The owners of Israel Salt Industries, the Dankner family, who until last week were still sure that they could begin counting the $860 million for the deal to sell their shares to Nochi Dankner, suddenly found themselves in a much less pleasant waiting line. After their senior partner at Bank Hapoalim, Shari Arison, torpedoed their deal with Nochi, they are now waiting to see what the Bank of Israel will have to say.
The Bank of Israel needs to examine the deal in which Arison bought out the 5.5 percent stake held by her American partners in the bank. "Salt Industries is waiting for the decision of the Bank of Israel, and thereafter it will have something to say", associates of the company said.
According to the associates, if the central bank rejects the deal, the situation would return to the status quo ante, and perhaps the possibility of selling the shares to Nochi Dankner would be reopened. Dankner has said in the past that he would not carry out the deal against Arison's wishes, but the sources say anything is possible in the dynamics of Israeli business. Still, the odds of this scenario seem slim.
A more likely scenario is that the central bank will conditionally approve the deal between Arison and her American partners. These conditions would neutralize the exclusive control of the bank that Arison would have thanks to the deal, and would afford the Salt Industries shares the status of controlling shareholder.
Currently, with Arison owning 85 percent of the core of control, and votes requiring a 75 percent majority, their controlling shares are meaningless. The sources recall that it was the Bank of Israel that had made a point of requiring agreement by several controlling shareholders by insisting on the 75 percent threshold.
There remains the possibility that the central bank could give unconditional approval to the deal. In this case, the Dankner family is liable to ask the central bank for permission to sell their controlling shares to Arison or to exchange them for unrestricted shares.
In the first case, they would immediately receive financial compensation. In the second case, they would receive unrestricted shares that they could sell or mortgage at any time at a later date.
Currently, they are not allowed to mortgage the controlling shares or to sell them without the approval of the central bank. The weakness in this scenario is that Arison wouldn't have any incentive to acquire their shares because either way she would enjoy full control of the bank once the recent deal is approved.
Another alternative facing the Dankner family depends on the supervisor of banks. Should he see fit to approve the Arison-American deal, the family could ask the Bank of Israel to improve the rights of the controlling shares in their hands.

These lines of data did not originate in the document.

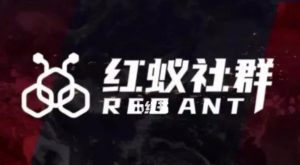 社群运营:红蚁社群【48节落地系统课程+2000人高端社群】|淘骐网赚资源库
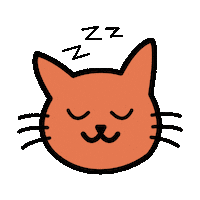 respekTiere cat cats animal pet Sticker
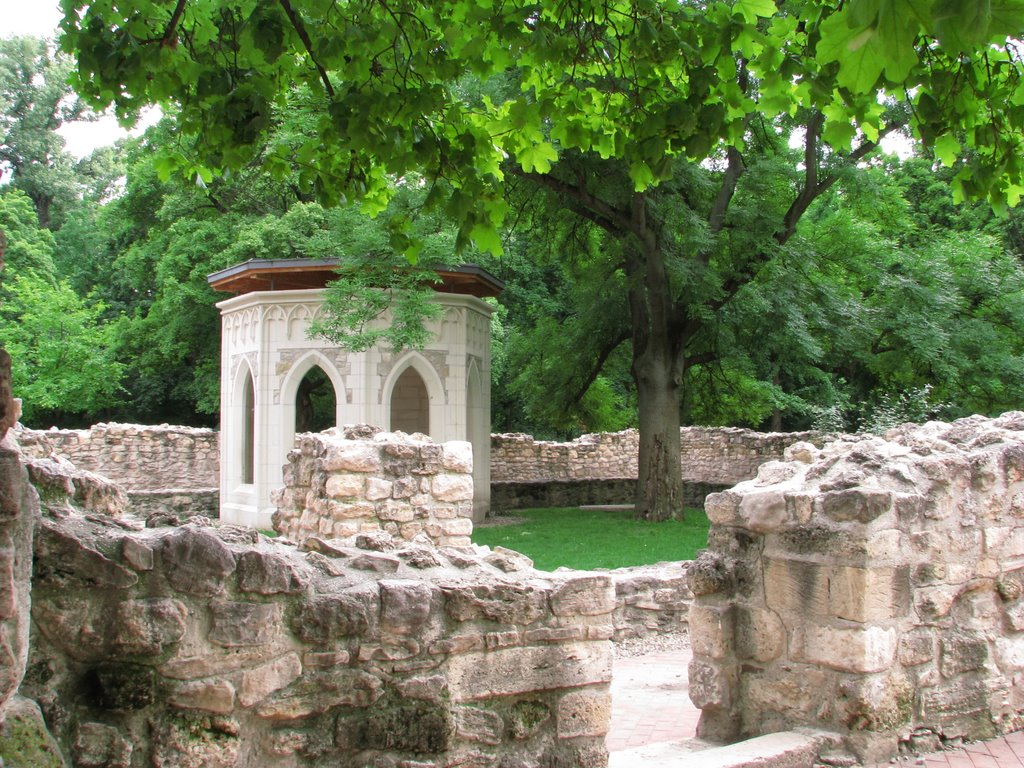 Margaret Island, roman ruins by Enrico Sammartini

For example, Arison could be obliged to receive their approval as a minority controller for central decisions within the bank. The central bank could even make a list of decisions that would require their approval, such as appointing a bank chairman or CEO. A situation like this one could give the Dankner's controlling shares added value as they do in any company without an exclusive controlling owner.
Because the Dankners are burdened with heavy personal debts to the banks, it seems they would prefer a scenario allowing them to leave the bank with cash in hand, to redeem their debts and to start anew.
Therefore, they expressly have an interest in the Bank of Israel approving the Arison deal through amending the voting agreement, such that the Dankners will be able to influence substantial decisions.
This situation would be, from their perspective, a weigh station before selling their shares to Arison or to a third party. For without having added value of control, Arison will lack any incentive to buy off their shares.